Updated on September 18, 2022

Comments

  • Zapto
    Zapto over 1 year

    I need to migrate my shares from an old Server (server2003 DomainA.co.uk) to a new server (2008R2 DomainB.Local) these are on different domains. My major problem is I need to keep share permissions on each of these shares. (There are hundreds)

    All the old shares have got Useraccount\DomainB.Local users with permissions on them. But are physically stored on a server in DomainA.co.uk. The server in DomainB has got a DFS share and this is where I will be storing the data. I just need help migrating the shares and setting the permissions.

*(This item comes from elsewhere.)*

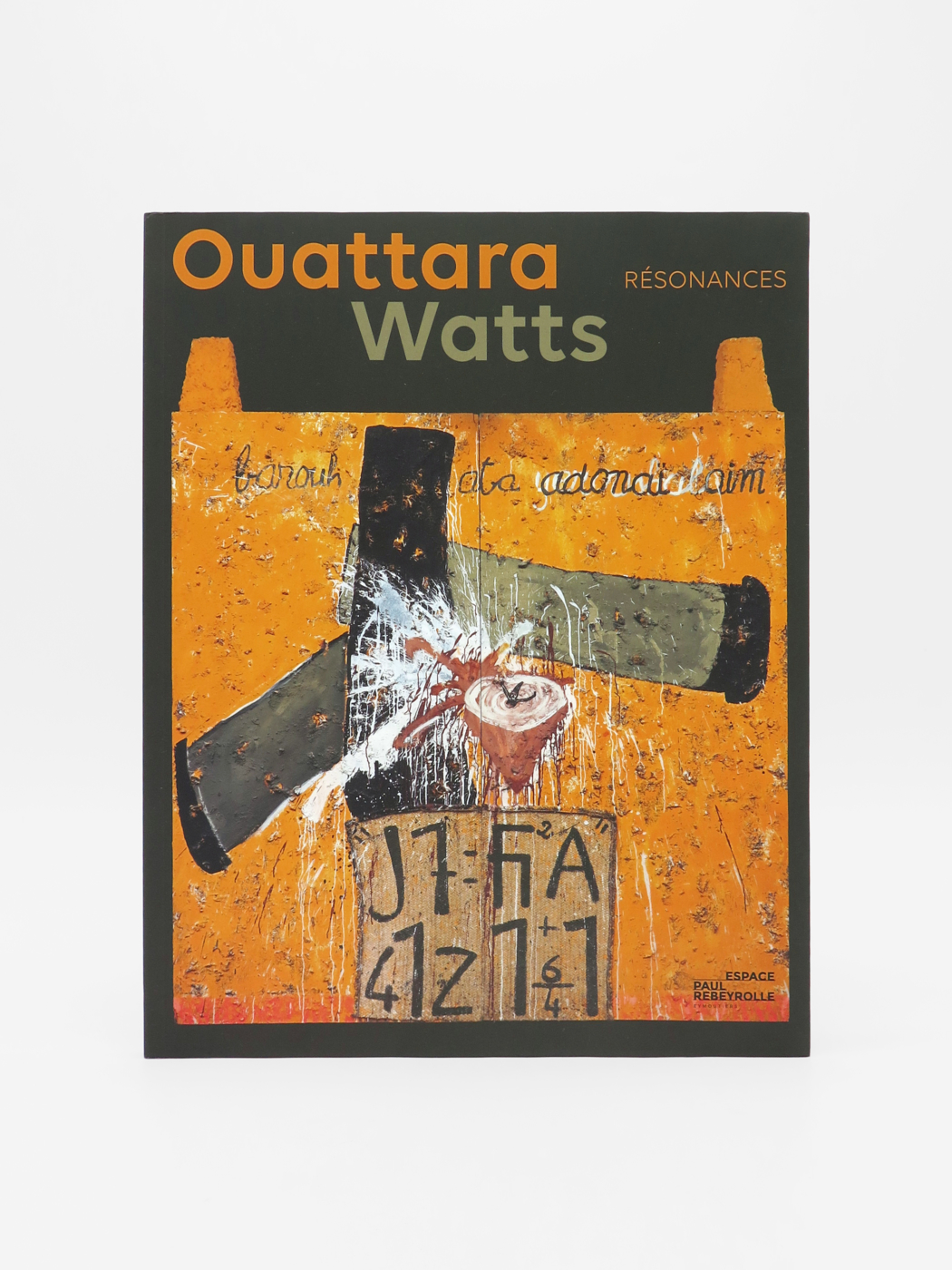 Ouattara Watts, Résonances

    Doing it manually isn’t an option. PowerShell maybe?

    • Spence
      Spence about 12 years
      Are you really talking about "share permissions" or are you talking about NTFS ACLs?
    • Zapto
      Zapto about 12 years
      both NTFS ACL's and Share permissions.
    • Rob Moir
      Rob Moir about 12 years
      Do these domains trust one another? Are you trying to move the data to "DomainB" while still allowing users from "DomainA" to have access? "DomainA\Robert" and "DomainB\Robert" are two totally different user entities, so copying over ACLs for "Robert" on "DomainA" will not allow the user "Robert" on "DomainB" to access that data.
    • Zapto
      Zapto about 12 years
      The domains trust each other. No domainA users do not need to access domainB.
  • joeqwerty
    joeqwerty about 12 years
    Mark: Does this hold true for the NTFS permissions? These are two distinctly separate AD domains, if I read the question correctly.
  • MDMarra
    MDMarra about 12 years
    Ah, I misread that portion, it was a bit confusing. If there is a trust between the two, which it sounds like, this should still work, but I don't have a test environment to replicate this in.
  • Spence
    Spence about 12 years
    It will copy NTFS ACLs even across trust relationships.